Reviewed by Steven A. Leibo (International Studies, The Sage Colleges)
Published on H-Asia (February, 1999)
Vietnam: The Second Revolution
Far too much of the scholarship and writings on modern Vietnam have focused on the war itself. That is not surprising, of course, given that for many people the word "Vietnam" does not refer to a country but to a war. Nevertheless, Vietnam has moved on since the war and though developments there no longer capture the world's headlines its journey toward the end of the century has been a remarkable and ironic one. For an excellent overview of Vietnam since the "fall" or "liberation" of Saigon (depending on your perspective) readers have no farther to go than to Nicholas Nugent's 's Vietnam: the Second Revolution.
Nugent is well qualified to write the book. He has spent a quarter of a century covering Asia for the BBC and has written a well received biography of Rajiv Gandhi. Nugent's Vietnam book begins with a particularly blunt assessment of developments in Vietnam since the war. In fact, his assessment is quite startling for those most sensitive to the sacrifices and horrors of the American anti-communist war in Vietnam: "Only for the final quarter-century has Vietnam been united as one country, free of foreign domination and outwardly at peace. But for the first half of that quarter-century, unity and freedom were qualified by an intense struggle for survival: a war against poverty had superseded the previous military conflict. This is the story of how Vietnam overcame that poverty by overthrowing much for which it had previously fought."
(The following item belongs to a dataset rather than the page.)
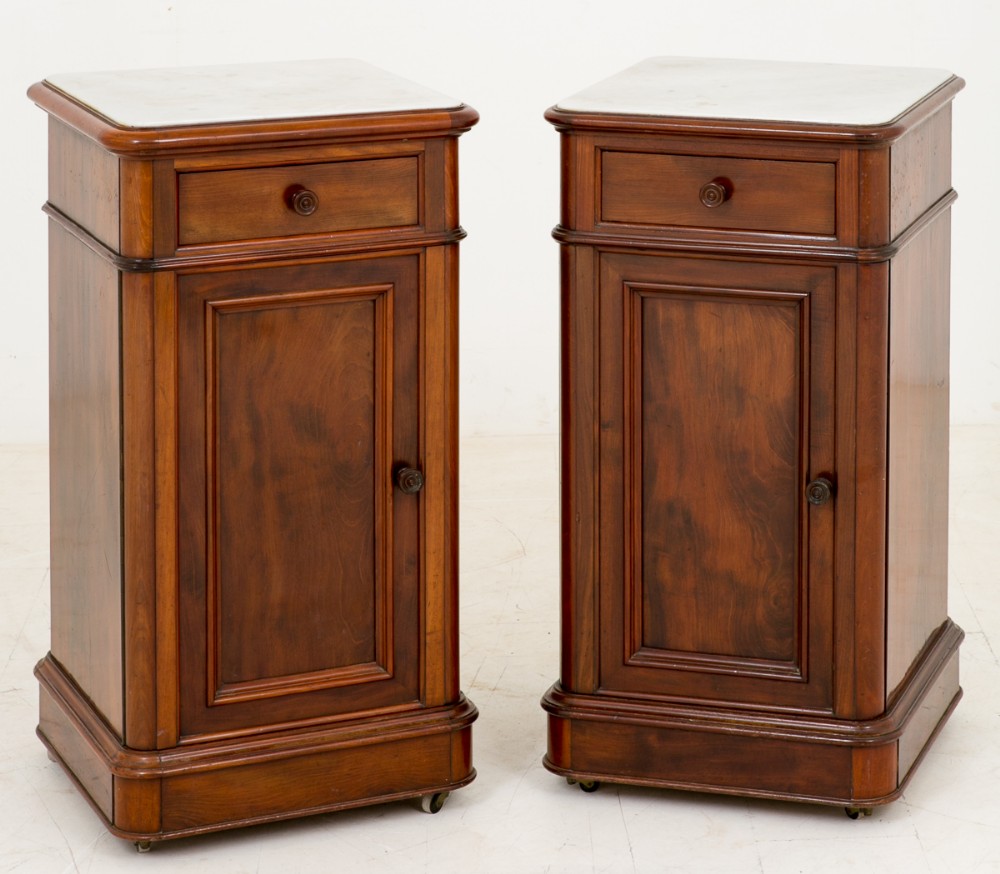 Pair of Mahogany French Victorian Bedside cabinets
Avoiding the more chronological approach favored by traditional historians, Nugent divided his book into eleven thematic chapters. The first two, "three decades of Conflict" and "Big Brothers," deal respectively with the needed historical background to Vietnam's postwar history and her relationship with the many larger powers that have so often involved themselves in Vietnam's history. After this necessary background the following chapters cover specific themes dealing with the role of "American Generals" which ironically follows "Generals" from Westmoreland to "General" Motors and "General" Mills. This chapter offers a fine overview of American Vietnamese relations from the war and subsequent economic embargo to those American tourists, Vietnam veterans and others, who have involved themselves in the country's affairs in the years since.
The chapter on Ho Chi Minh is particularly interesting as it deals not only with the on-going cult of Ho but discusses the important question of whether Ho would himself have approved of the country's decision to back away from much of its socialist tradition in favor of the more open free market activities.
The most important chapter directly deals with "Doi Moi," Vietnam's version of "Perestroika." Nugent emphasizes not only the revolutionary nature of these changes but their evolution over many years. In fact, as early as 1979 decision makers allowed a retreat from agricultural collectivization. Nugent again puts it bluntly when he says that "Doi Moi represented a belated recognition by the party that collectivization of the land and state ownership of enterprise had failed Vietnam."
In the years since, as anyone who had recently visited Vietnam can attest, a plethora of private businesses has emerged, especially in the south, where experience with command economies had been so much briefer than that of their northern countrymen. Perhaps the most poignant comment Nugent makes, especially significant coming from a British employee of the BBC, is when he notes that education and health services in Vietnam are now more privatized than in Great Britain!
Amusingly, for those interested in the complicated history of Sino-Chinese relations, Nugent reports that the Vietnamese are quite proud to point out that they began their economic changes before Gorbachev began his. Less discussed or even mentioned is that so much of the Vietnamese experience resembles that of China--Vietnam's enemy for so long. The final chapters deal with important topics from the obvious differences between North and South Vietnam, the new emerging middle and wealthy classes, and the Vietnamese diaspora around the world.
That Nicholas Nugent has covered the above, and in so very readable fashion in slightly under two hundred pages, is truly impressive. Clearly Vietnam: The Second Revolution would make an excellent supplement for upper division courses on either South East Asia or Vietnam. I recommend it very strongly.